Lipót Óváry, also known in English as Leopold Óváry (31 December 1833, Veszprém - 4 April 1919, Budapest) was a Hungarian historian and custodian of the Hungarian state archives. He took part in the Hungarian struggle for liberty in 1848 and in the Italian war of independence in 1859. After the political troubles had been settled he devoted himself to the study of history, in which he soon achieved distinction.
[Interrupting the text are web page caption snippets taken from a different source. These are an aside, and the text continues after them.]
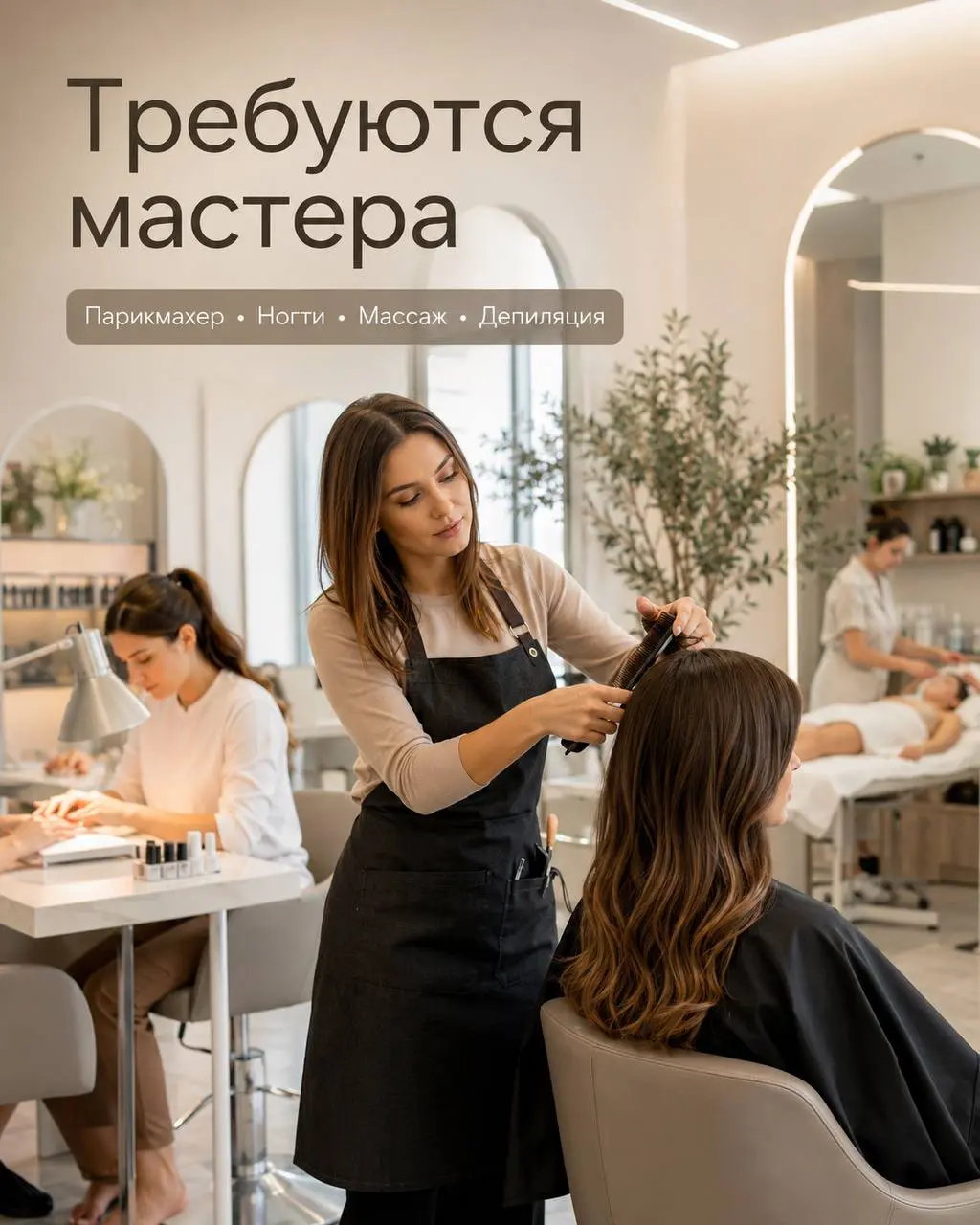 1️⃣ПАРИКМАХЕР МУЖСКОЙ,
2️⃣ПАРИКМАХЕР-УНИВЕРСАЛ,
3️⃣МАССАЖИСТКА,
4️⃣МАСТЕР НОГТЕВОГО СЕРВИСА,
5️⃣МАСТЕР ДЕПИЛЯЦИИ
3 000₽/выход - 4 000₽/выход + % от стоимости услуги
НелиНаз
• Москва, м | Сетка — социальная сеть от hh.ru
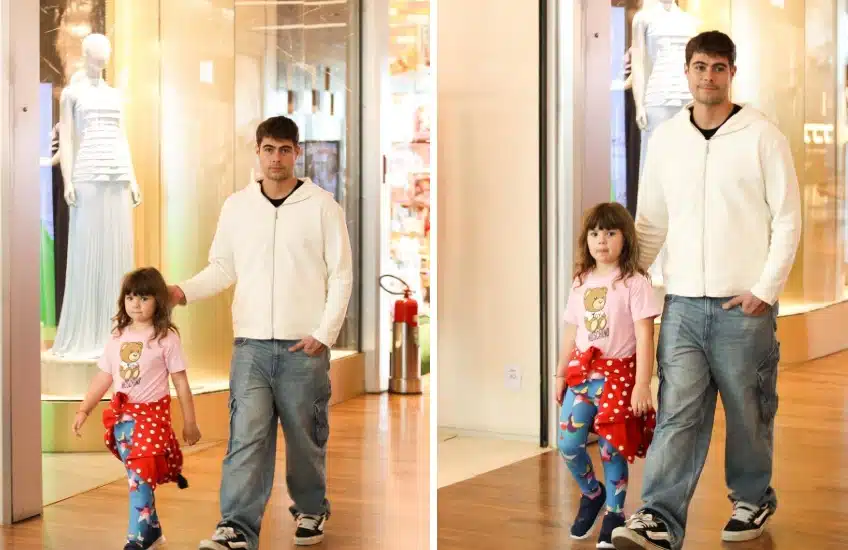 Rafael Vitti passeia com sua filha com Tatá Werneck em shopping no Rio de Janeiro e impressiona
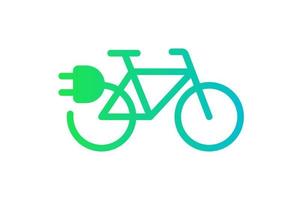 ícone de bicicleta elétrica. bicicleta elétrica de cabo gradiente verde e símbolo de carregamento de plugue. conceito de sinal de veículo de ciclo elétrico eco amigável. ilustração de eps de transporte de bicicleta elétrica a bateria vetorial vetor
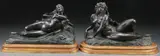Joseph Jules Emmanuel Cormier - Joe Descomps, Reclining Nude Female Figures -, Bronze with dark brown patina on matching carved gilt wood bases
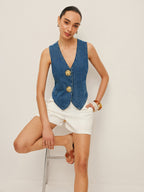 Custom-Fit Denim Vest with Button-Up Design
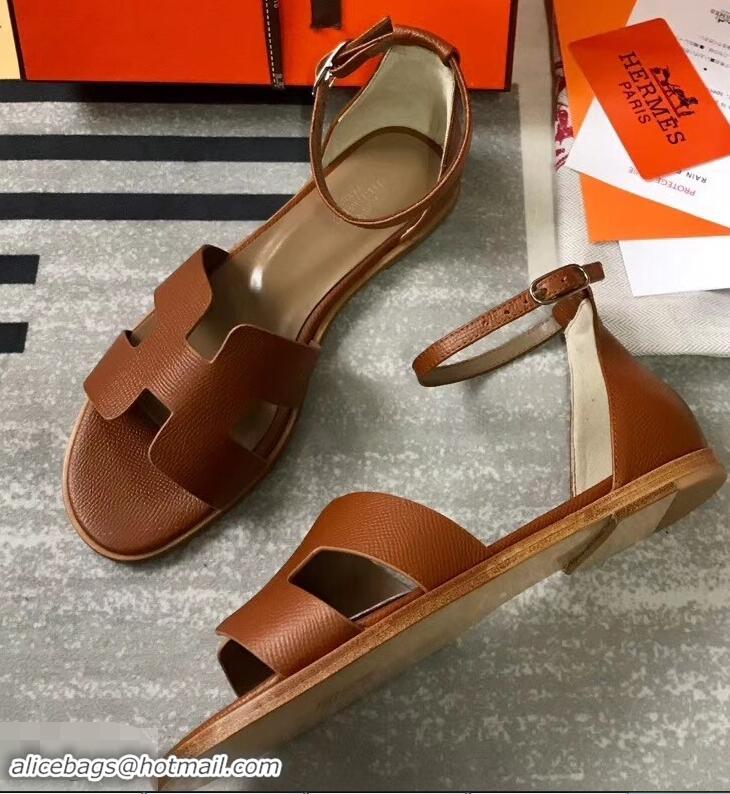 Discount Hermes Santorini Sandals in Epsom Calfskin H95107 Brown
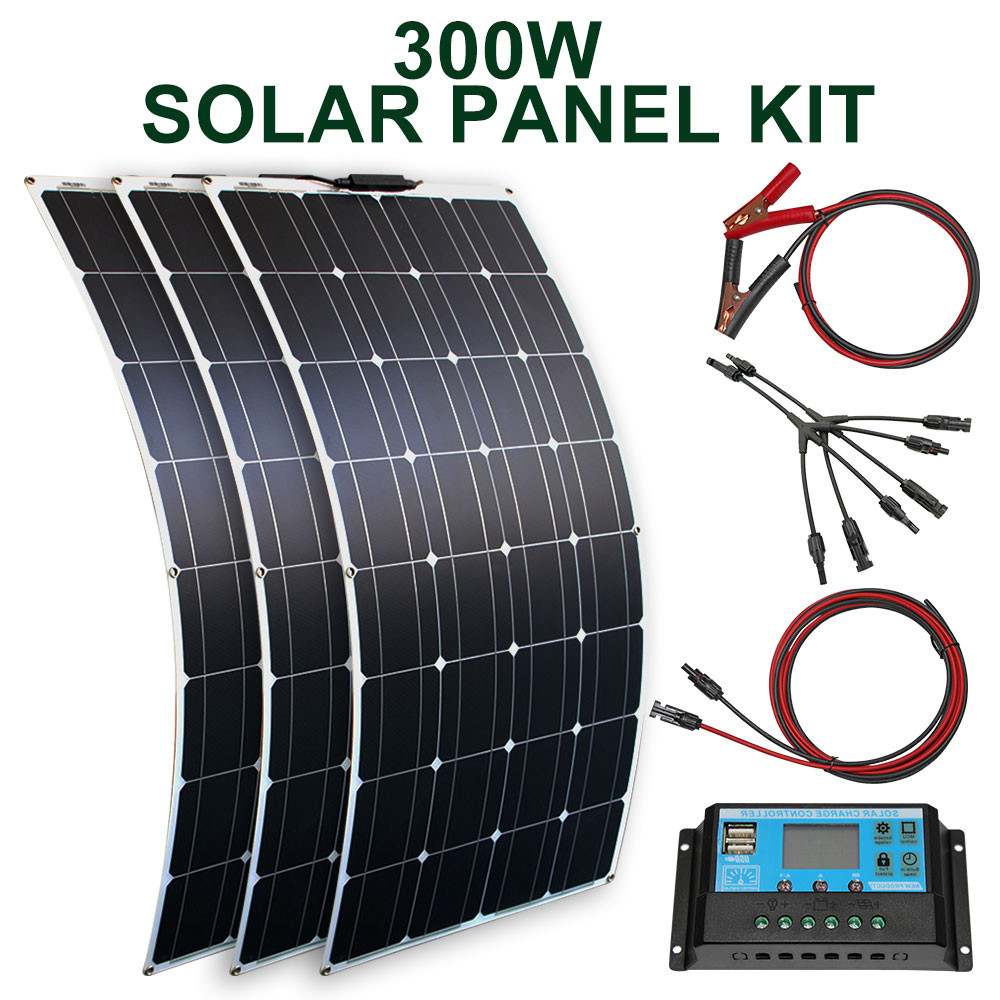 Jual solar panel kit and 300w 200w 100w flexible solar panels 12v 24v ...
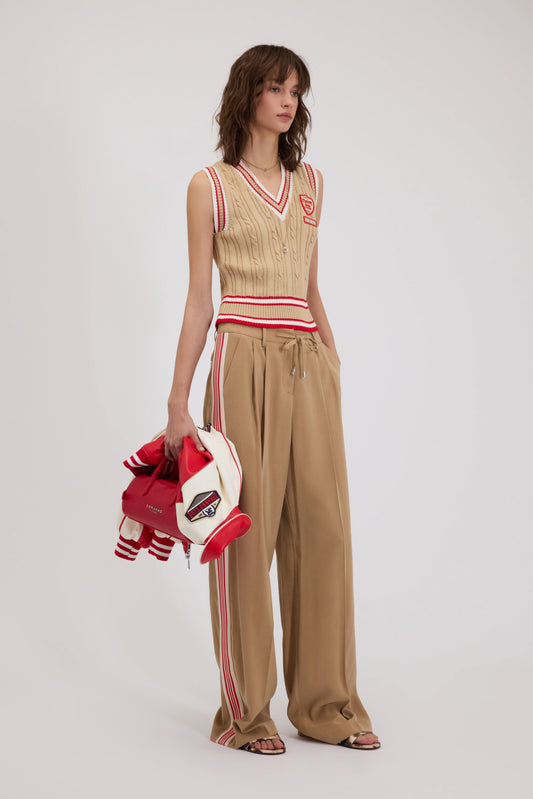 PANTALONI IN CADÌ CON BANDA SUI FIANCHI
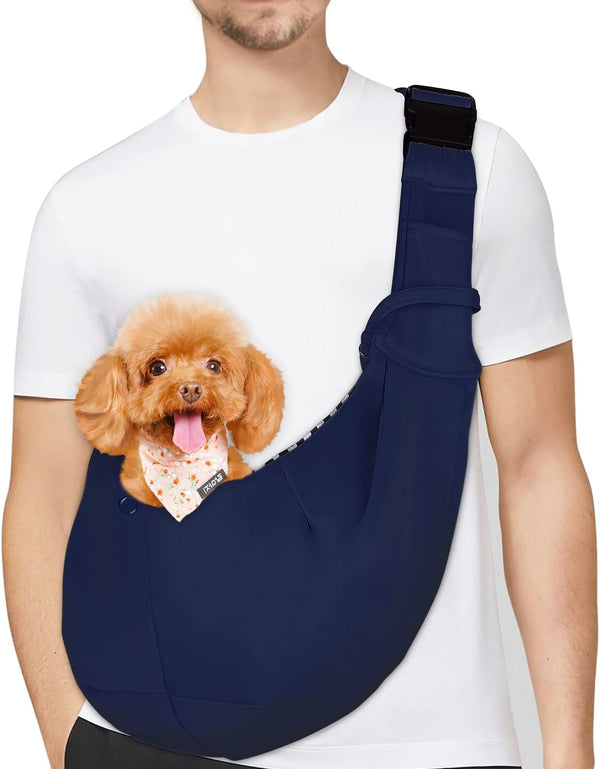 PETLOFT Adjustable Reversible Dog Cat Sling Carrier, Hands-Free Cross Body Carrier for Pets up to 11lb (Blue)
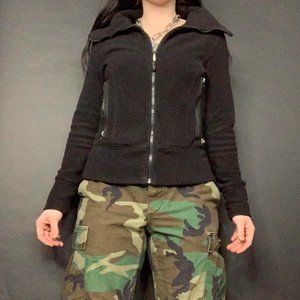 Black fleece athletic jacket with zipper pockets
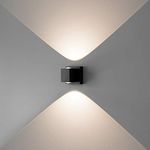 Tubicen Black LED Dimmable Wall Sconce, 10W Bright Up and Down Wall Light, Modern Indoor Wall Lights for Hallway Stairway Bedroom Home Theater, 3000K, Square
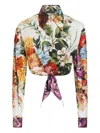 Dolce & Gabbana Multicolor Cropped Shirt With Tie Closure On The Front And All-over Floral Print In Cotton Woman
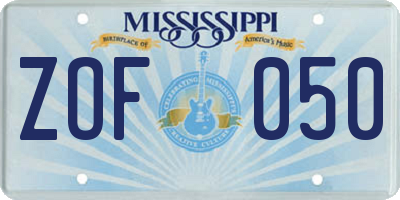 MS license plate ZOF050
In 1876 he was appointed assistant custodian of the state archives, in 1904 chief custodian; and in 1892 he was elected a member of the Hungarian Academy of Sciences. A knighthood of the Order of the Crown of Italy was conferred upon him.

Óváry's writings had considerable political influence, especially those attacking the anti-Hungarian Romanian propaganda in Italy. His chief works include: Nápolyi Történelmi Kutatások (Budapest, 1874); III. Pál Pápa s Farnese Sándor Bibornok Magyarországra Vonatkozó Diplomácziai Levelezései (ib. 1879); Oklevéltár Bethlen Gábor Diplomácziai Összeköttetéseinek Történetéhez (ib. 1886); Zsigmond Királly és az Olasz Diplomaczia (ib. 1889); A Magyar Anjouk Eredete (ib. 1893); La Questione Dacoromana e lo Stato Ungherese (Rome, 1894; German ed., Budapest, 1894; French ed., Paris, 1894). Óváry embraced Christianity.